The following story was reported by The Utah Investigative Journalism Project in partnership with KUER.
Michael Christian had struggled with addiction for the better part of a decade when he learned about The Other Side Academy on TikTok. The handful of treatment programs he attended during that time hadn’t stuck.
“I just didn’t know what to do or how to get, you know, over this addiction part, you know, and so that’s why I took the leap of faith, hoping that this would be the program to help me,” Christian said of the academy. “They advertise all these good things about it.”
The Salt Lake-based rehabilitation program was a long way from Christian’s home in Iowa, but after interviewing with staff over the phone, he said the program paid for his flight to the Beehive State.
The academy is a 2.5-year residential and transitional program that offers an opportunity to learn the skills and habits to reenter society. Many of its students have chronic issues with substance abuse, homelessness and incarceration.
Christian spent about three months there before his hope that the program would change his life soured. His time, he said, ended with a mad dash toward the nearest hospital and a subsequent stay in a mental health treatment center.
“Some people will say that this program works, right? And some people there enjoy it,” Christian said. “But I would wish that people would do their research and actually see it for what it is and listen to people’s experiences.”
“I wouldn’t wish this on my worst enemy,” he added.
The Other Side Academy has been touted as a gold standard solution for Utah’s homeless and addicted populations, with state leaders embracing the academy executives’ vision for a scaled-up 1,300-bed homeless campus. But two former clients and half a dozen service providers voiced concerns that the program is doing more harm than good for some people who pass through the academy’s front doors.

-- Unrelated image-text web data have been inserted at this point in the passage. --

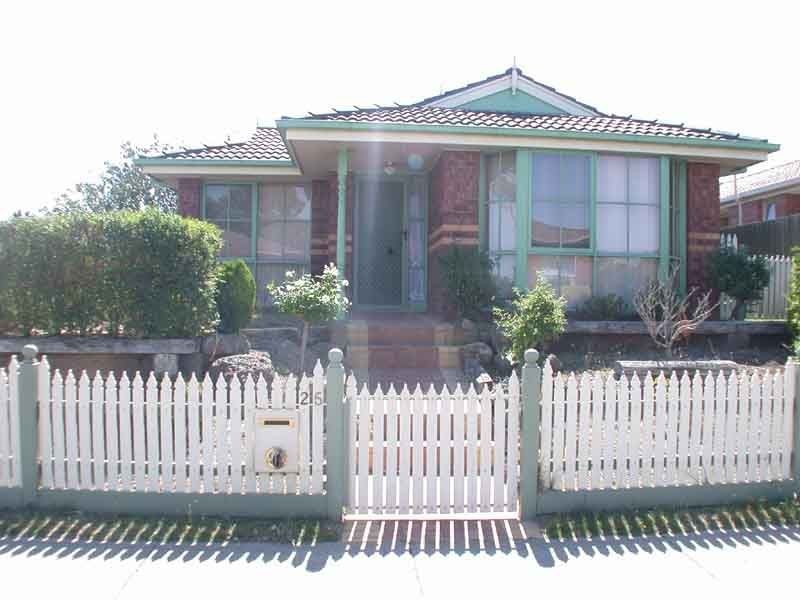 25 Hamilton Drive, Cranbourne North VIC 3977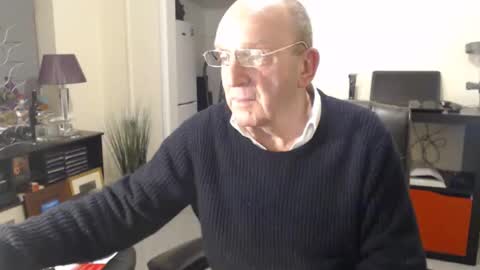 Snapshot of boppy21 chatting on 01-18-26, 08:34 Boppy21 online show from 01-18-26, 08:34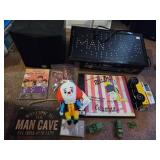 J1 - VINTAGE COLLECTIBLES AND DECOR LOT (E388)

Academy leadership, meanwhile, points to its success stories. Like that of Pedro Escobar, who entered after his third parole violation and, as an ex-gang member, has a rap sheet that he described as “so full of violence that it would make you sick.”
“There is light here, right? There is hope. There’s a huge amount of us who choose to stay and who get what we came for, right? Which is change,” said Escobar, a current student who has committed to a fourth year at the academy. “I used to lead people into prison cells, and now I lead people away from prison, right, and into a better life.”
The Utah Investigative Journalism Project attempted to interview employees at one of the academy’s thrift stores and The Other Side Donuts, which is run by the academy’s sister organization, The Other Side Village.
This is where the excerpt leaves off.